To train AI and ML models, large datasets are required. But this data is often inaccessible in healthcare settings, due to a variety of patient privacy laws and institutional policies. To address this obstacle and make data-sharing easier, several open-source projects have emerged.
“The ability to use that large amount of data to inform our clinical decision-making is huge,” said Joyce Sensmeier, vice president of informatics, technology, and innovation at HIMSS, about the open-source initiatives. The ability to leverage this already-captured data is a great next step, she said. “It’s really going to be a powerful, positive thing, and a wonderful opportunity.”
One of the most active hubs for this work is the Radiology Informatics Lab at Stanford Medicine.[1]
Its Langlotz Lab is currently working with imaging datasets from within and outside of Stanford Medicine. These include:
- 1,000 ICU chest radiographs;
- 831 bone tumor radiographs annotated by an expert radiologist with 18 features and the pathologic diagnosis;
- 4,000 digital mammograms annotated with 13 quality attributes;
- 4,000 pediatric hand radiographs with radiologist bone age; and
- soon: 4.4 million Stanford exams, each with a narrative report.
“We hope to increase open access to some of these datasets by way of novel infrastructure and sharing methodology,” according to the Lab’s website.
Or take the Open Access Series of Imaging Studies (OASIS),[2] a project, according to its homepage, “aimed at making neuroimaging datasets of the brain freely available to the scientific community.” OASIS-3, the third iteration of the project, is a longitudinal neuroimaging, clinical, cognitive, and biomarker dataset for normal aging and Alzheimer’s disease.
Like other open-source projects, users of OASIS data must abide by the Creative Commons Attribution 4.0 license, along with other terms.
At the federal level, the Centers for Medicare and Medicaid Services (CMS) has been pushing for better data interoperability. CMS has released a series of proposed rules and programs to drive open data, believing this will lower costs and improve outcomes.
And the American College of Radiology Data Science Institute, formed in 2017, is working on open-source software to promote the creation of clinical AI models, essentially making it easier for institutions to build AI models by providing them with the necessary training data and computational power.
All this is good news for AI researchers, who can turn to an expanding number of image databases and participate in a growing number of medical image analysis challenges (see: Grand Challenges in Medical Image Analysis https://grand-challenge.org/).
Limitations, obstacles
To protect patient confidentiality, open-source healthcare data relies on anonymized data. More than that, many of these projects explicitly limit use to academic studies, and so cannot be used for commercial products by software and hardware vendors.
Moreover, patient privacy and data governance rules vary, institution by institution and country by country.
One way to end these sharing restrictions is to use so-called federated learning techniques.

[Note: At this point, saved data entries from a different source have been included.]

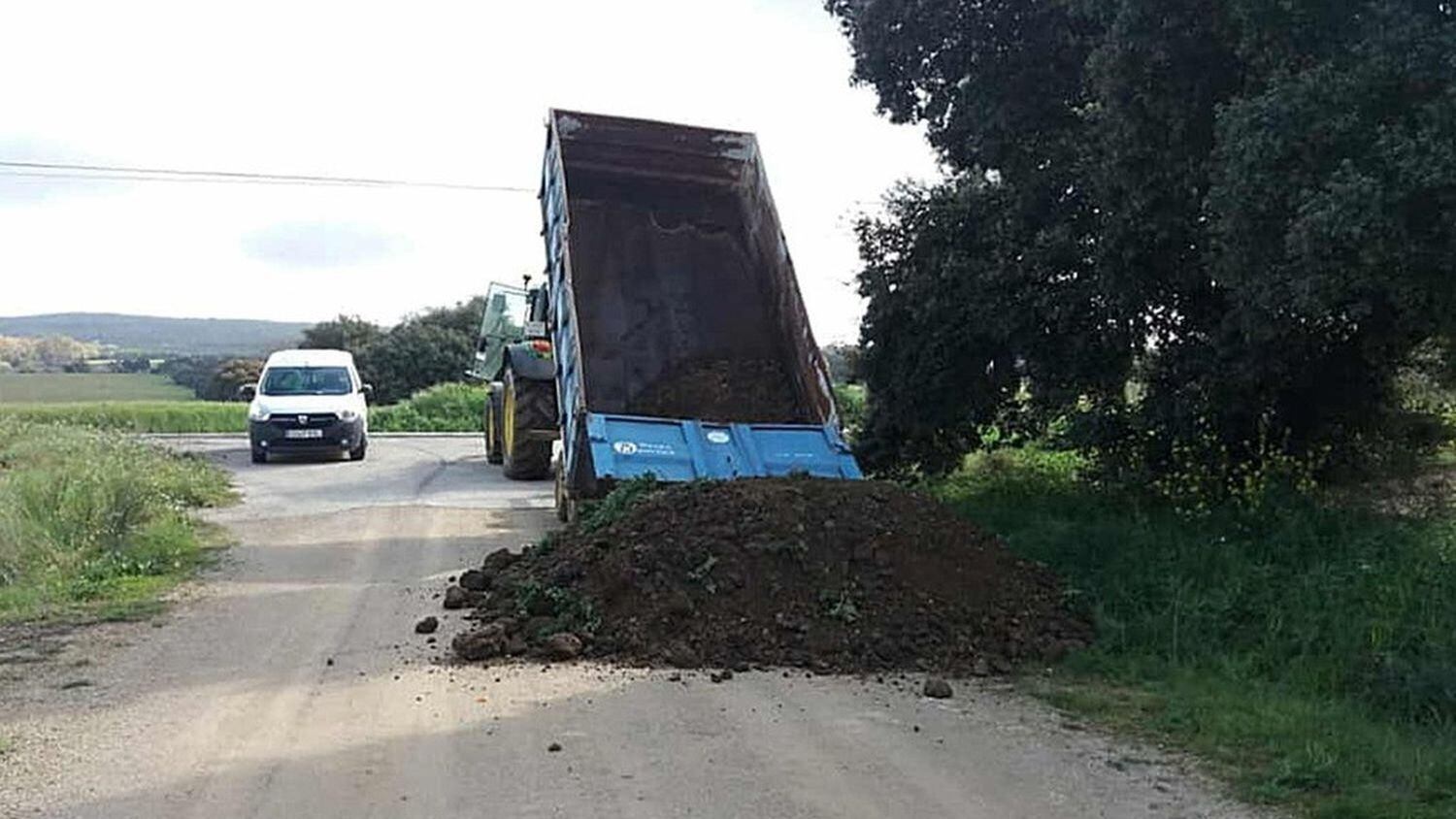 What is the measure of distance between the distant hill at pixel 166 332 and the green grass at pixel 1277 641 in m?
52.8

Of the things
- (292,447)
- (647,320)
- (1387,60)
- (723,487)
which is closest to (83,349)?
(292,447)

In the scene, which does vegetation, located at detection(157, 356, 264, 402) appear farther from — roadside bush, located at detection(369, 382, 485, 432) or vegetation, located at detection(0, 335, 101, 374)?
roadside bush, located at detection(369, 382, 485, 432)

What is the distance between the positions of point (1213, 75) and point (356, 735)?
7169mm

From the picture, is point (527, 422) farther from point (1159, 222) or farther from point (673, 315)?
point (1159, 222)

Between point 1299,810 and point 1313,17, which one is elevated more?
point 1313,17

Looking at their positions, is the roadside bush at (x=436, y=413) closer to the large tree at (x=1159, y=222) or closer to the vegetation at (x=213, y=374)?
the vegetation at (x=213, y=374)

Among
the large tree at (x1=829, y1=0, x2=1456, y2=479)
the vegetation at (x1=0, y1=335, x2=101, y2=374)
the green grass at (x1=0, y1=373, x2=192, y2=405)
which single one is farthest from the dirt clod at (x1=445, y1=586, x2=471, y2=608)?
the vegetation at (x1=0, y1=335, x2=101, y2=374)

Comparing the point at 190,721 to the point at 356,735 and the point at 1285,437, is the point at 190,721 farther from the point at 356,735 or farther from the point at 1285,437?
the point at 1285,437

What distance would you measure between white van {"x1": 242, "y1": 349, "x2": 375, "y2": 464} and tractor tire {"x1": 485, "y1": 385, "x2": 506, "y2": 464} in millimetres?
2141

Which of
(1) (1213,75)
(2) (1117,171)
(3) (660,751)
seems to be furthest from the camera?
(2) (1117,171)

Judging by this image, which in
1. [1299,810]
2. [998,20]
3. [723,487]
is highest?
[998,20]

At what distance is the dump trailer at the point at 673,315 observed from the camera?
12.4 metres

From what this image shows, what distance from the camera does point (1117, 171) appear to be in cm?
1064

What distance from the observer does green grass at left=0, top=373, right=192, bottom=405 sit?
37719 millimetres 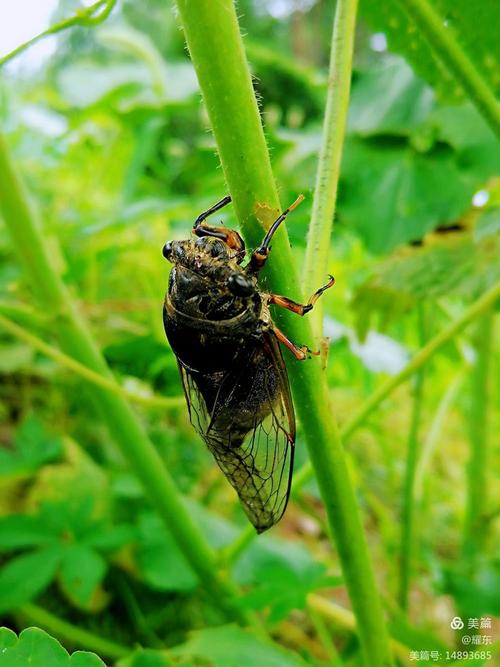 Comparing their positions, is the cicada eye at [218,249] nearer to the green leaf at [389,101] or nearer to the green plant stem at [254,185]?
the green plant stem at [254,185]

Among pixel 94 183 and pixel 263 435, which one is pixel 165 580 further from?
pixel 94 183

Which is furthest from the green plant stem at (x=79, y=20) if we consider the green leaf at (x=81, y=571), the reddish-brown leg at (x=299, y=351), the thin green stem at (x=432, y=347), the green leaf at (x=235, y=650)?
the green leaf at (x=81, y=571)

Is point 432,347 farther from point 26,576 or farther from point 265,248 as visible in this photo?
point 26,576

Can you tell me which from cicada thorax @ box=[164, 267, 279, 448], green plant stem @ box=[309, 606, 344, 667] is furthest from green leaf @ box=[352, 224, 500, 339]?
green plant stem @ box=[309, 606, 344, 667]

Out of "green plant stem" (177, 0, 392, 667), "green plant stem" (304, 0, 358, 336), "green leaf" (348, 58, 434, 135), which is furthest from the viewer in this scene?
"green leaf" (348, 58, 434, 135)

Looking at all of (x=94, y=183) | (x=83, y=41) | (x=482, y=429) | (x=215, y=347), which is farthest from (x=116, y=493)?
(x=83, y=41)

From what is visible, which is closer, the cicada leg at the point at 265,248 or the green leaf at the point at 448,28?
the cicada leg at the point at 265,248

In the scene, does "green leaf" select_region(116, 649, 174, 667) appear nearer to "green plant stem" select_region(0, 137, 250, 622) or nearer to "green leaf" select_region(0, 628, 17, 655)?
"green plant stem" select_region(0, 137, 250, 622)

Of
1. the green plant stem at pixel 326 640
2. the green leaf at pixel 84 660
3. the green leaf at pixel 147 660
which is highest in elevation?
the green plant stem at pixel 326 640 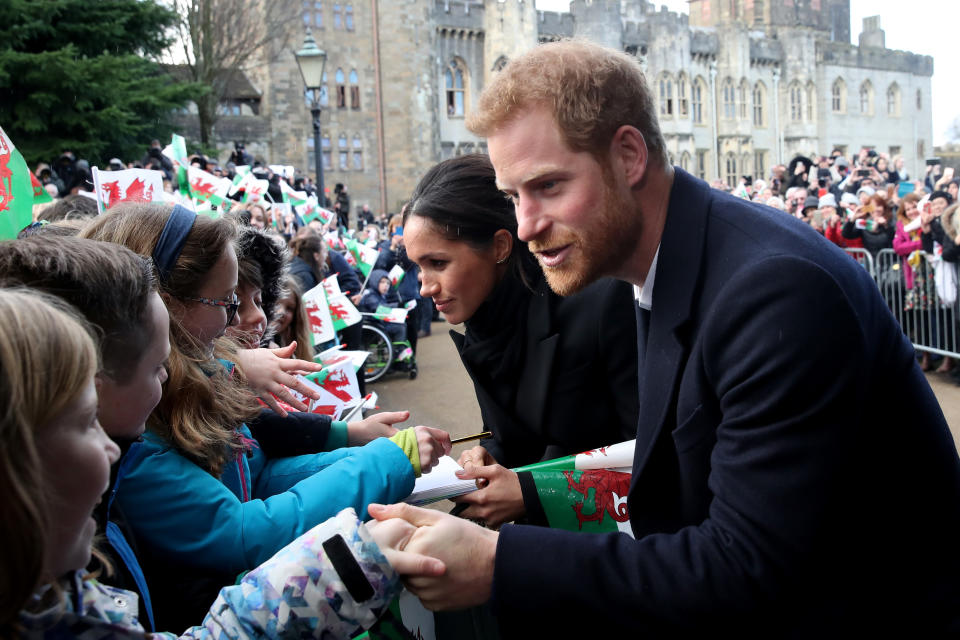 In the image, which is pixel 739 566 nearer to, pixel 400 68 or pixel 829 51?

In federated learning, clinical data stays where it currently resides, such as within the hospital. Instead of moving this data from different repositories and devices to a central location (the traditional approach), federated learning lets endpoints download a model, train it locally using local data, and then summarize the changes and send a summary data to update the central model. The end result is the same: an AI model that improves, iteratively, over time. But because the underlying data does travel outside of the clinical domain where it was captured, the technique does not run afoul of data governance or security procedures.
That’s not to say federated learning is without its own challenges. Architecting such systems at scale requires lots of collaboration among many technical and clinical stakeholders, all of whom want the system to interact correctly so that the resulting, centralized model is valid and trustworthy.
Difficulties with sharing datasets may not be the biggest obstacle, however.
“Annotation [of medical images] is very expensive, because it needs expertise,” said Hsi-Ming Chang, a senior data scientist at GE Healthcare. This means it is difficult to create sufficiently large, annotated datasets.
The need for radiological expertise also means annotating these datasets is a slow process that can’t easily scale. That is, the required annotation cannot be handled via crowdsourcing, as is the case with AI training efforts in other domains.
Despite all the obstacles, Chang is optimistic about the AI imaging field, thanks to rapidly improving technology.
For example, to get around the annotation issue, a model can be trained on an annotated subset of the whole dataset, which can then create a model to predict training of a second part of the set. Human annotators will then need to conduct only some fine-tuning of this second set, and so on.
“This leads to an iterative improvement of the model’s quality,” he said.